PIX 2310.30: a faster PIX with many raytracing + other improvements
This release includes many new features and improvements along several key themes:
- Improving PIX’s performance.
- Adding new raytracing features.
- Miscellaneous changes in direct response to feedback from users.
Thank you for all of your feedback and suggestions, and please them coming! The best ways to contact us are via the “Send Feedback” button in PIX and via the #pix channel on the DirectX Discord.
This release includes:
GPU Captures (misc features)
- Major PIX Performance Improvements
- Revamped NVIDIA Plugin
- Updated AMD Plugin
- Better DRED Integration and Collection
- New Texture Diff Visualizers
- New “Take Capture” hotkeys (tl;dr: F11 now takes a GPU Capture!)
GPU Captures (raytracing features)
- Hit and Miss Shader Debugging
- Acceleration Structure Hierarchy Tree
- DXR 1.0 Invocations View
- DXR 1.0 Ray Visualization
- Circular Timing Captures
- Capture Summary and Metadata
- More D3D Object Types
- Import and Export of Timing Capture UI Configurations
- Metrics View Consolidated Events Editor
- Sampled Functions Flamegraph
- Enhanced Comparison Features
- New Checklist View
- Improved Idle Time Display in Core Lanes
- Other Metrics View Improvements
And some bug fixes and other improvements.
GPU Captures (misc features)
Major PIX Performance Improvements
The Pipeline tab should now be much (much!) faster than previous PIX releases. We hope this will greatly improve PIX usability and dev iteration times.

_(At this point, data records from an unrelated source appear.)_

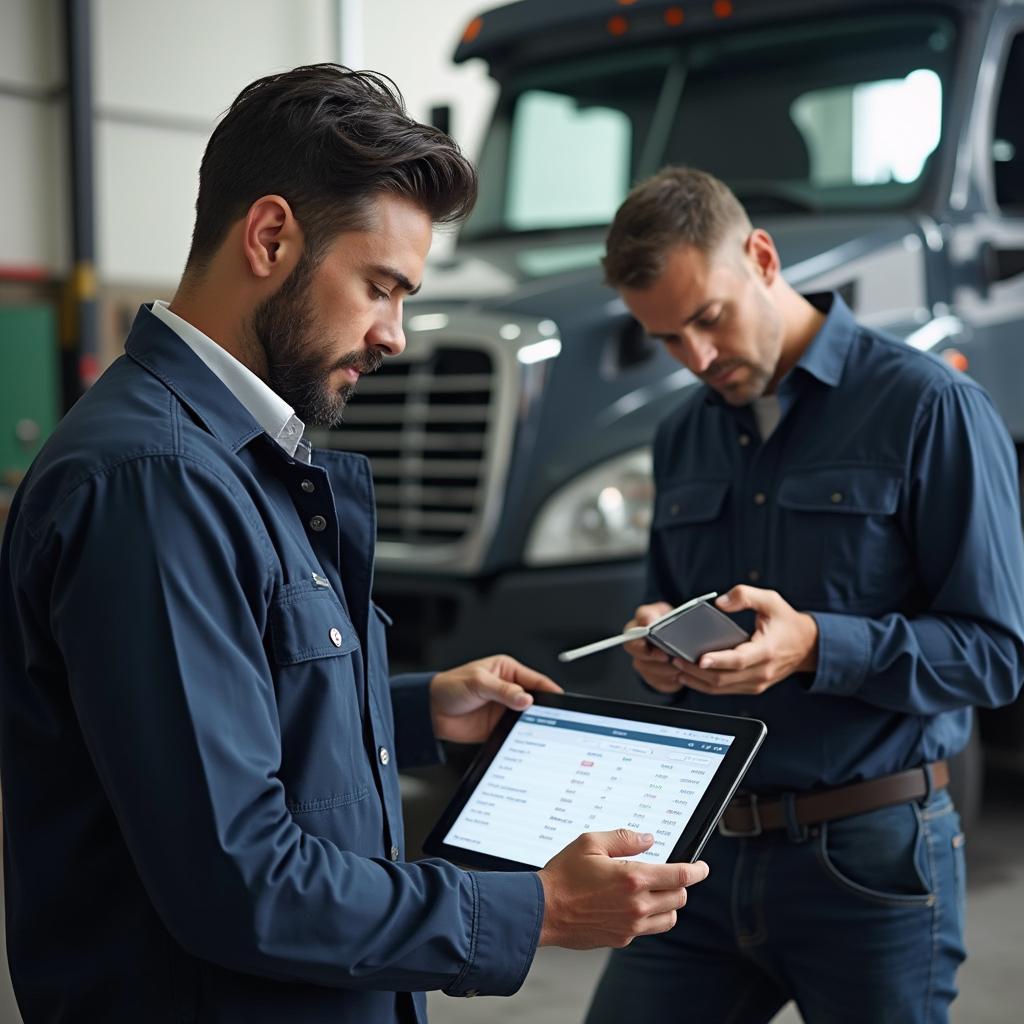 Fleet manager reviewing a repair estimate at an auto body shop in Jackson, MI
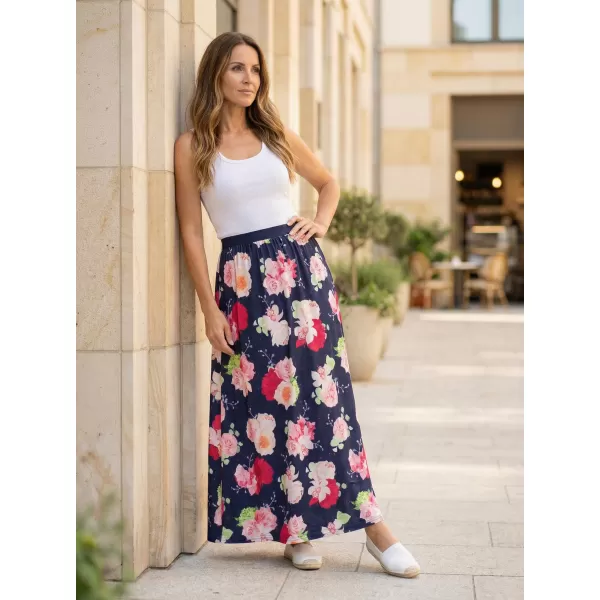  Ženska suknja KIXMI PEONY TAMNO PLAVA 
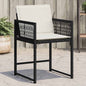 JUNG Vida Gartenstühle mit Kissen 4 Stk. Schwarz Poly Rattan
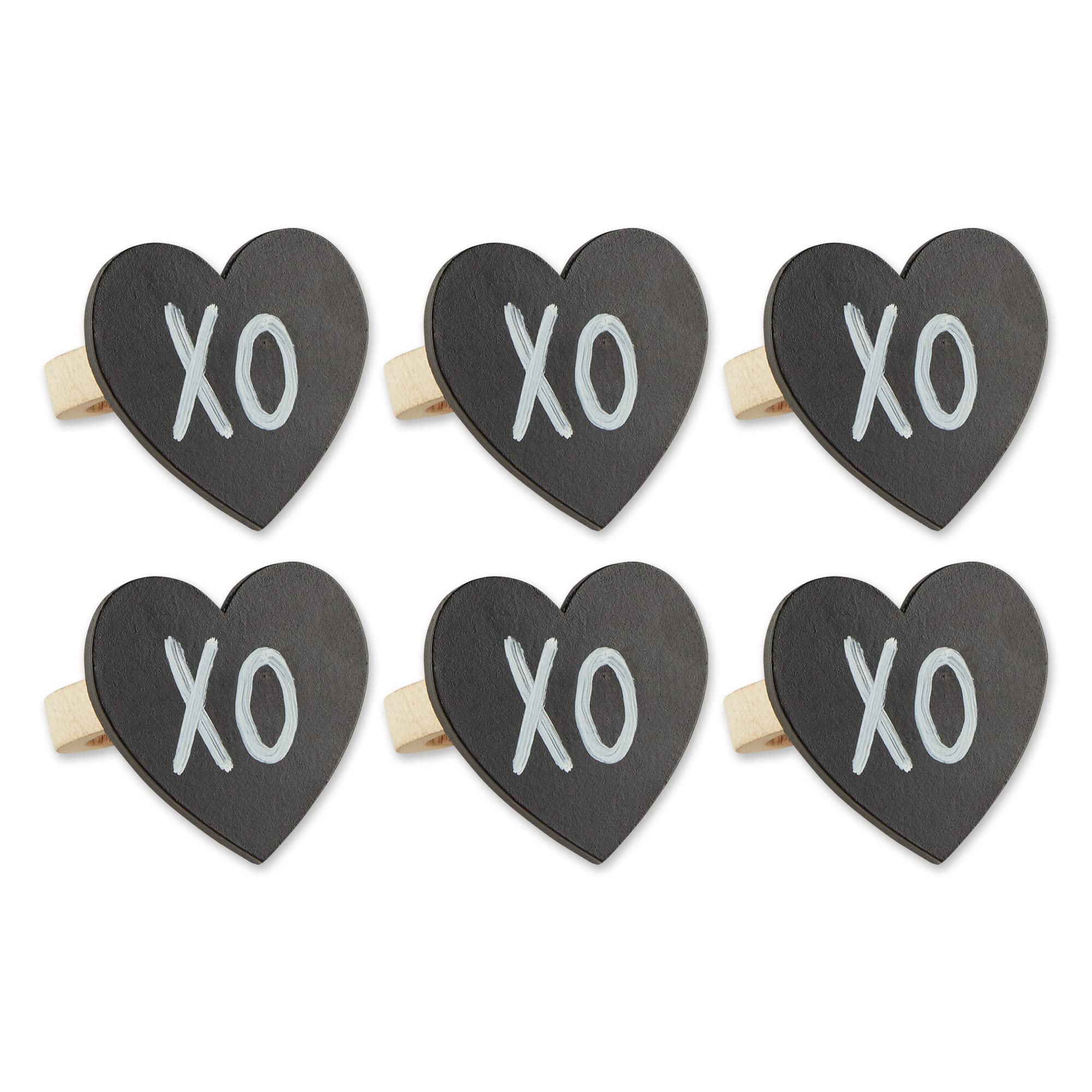 HEART CHALKBOARD NAPKIN RING SET/6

Some of the biggest improvements we’ve seen are for AAA raytracing games. For two famous games the Pipeline tab used to take several hours to populate for DispatchRays() events. With today’s PIX release, a lot of the tab is available within 5 secs of opening the capture file. The remainder is typically accessible less than 30 secs after starting analysis.
As another example, with a famous game engine sample it used to take ~6 minutes to start analysis and view the backbuffer contents. It now takes 20 seconds.
Here are the specific improvements:
- A lot of information is available before starting analysis.
- This includes the resources bound to each GPU event, the API objects view, the command list state view, the descriptor heaps view, the shader table viewer, the resources view, and the resource history view.
- These all load within seconds of opening the capture file.
- After starting analysis, the Pipeline tab is now far faster to populate.
- Shader Access Tracking is now an optional feature.
- The feature lets PIX tell you exactly which resources were accessed by a particular GPU event, but it’s susceptible to issues in PIX and other components.
- To optionally collect this information, click on the “Gather Accessed Resources” button.
- Side note: you should never have to set the “DisableShaderAccessTracking” regkey again!
- PDB resolution is significantly faster.
- NVIDIA plugin initialization + counter collection is faster (see NVIDIA plugin section below).
- Relatedly we have also made significant improvements to UI performance, e.g. scrolling speed and responsiveness.
Since a lot of information is available before starting analysis now (i.e. before PIX creates a D3D12 device), that information is accessible even if the original application TDRed. We have started to make use of this today by adding deeper DRED integration, but we will continue to add new functionality in this area in the future. Stay tuned!
Some parts of PIX continue to be slower than we would like, such as starting analysis, collecting timing information, viewing the Pipeline tab while using certain D3D12 APIs (e.g. AddToStateObject), and shader debugging. We expect to make significant improvements to these areas in future PIX releases.
Revamped NVIDIA plugin
The NVIDIA plugin has been almost completely rewritten to significantly improve performance and usability. Many thanks to our partners at NVIDIA for making this happen! Improvements include:
- Counter group reorganization
- Transitioned from hardware unit-based organization to a logical graphics pipeline-based structure.
- Improved counter names and descriptions.
- Redefined names and descriptions for over 140 key counters, emphasizing clarity and user-friendliness. Hardware terms are now either explained inline or through the updated description system.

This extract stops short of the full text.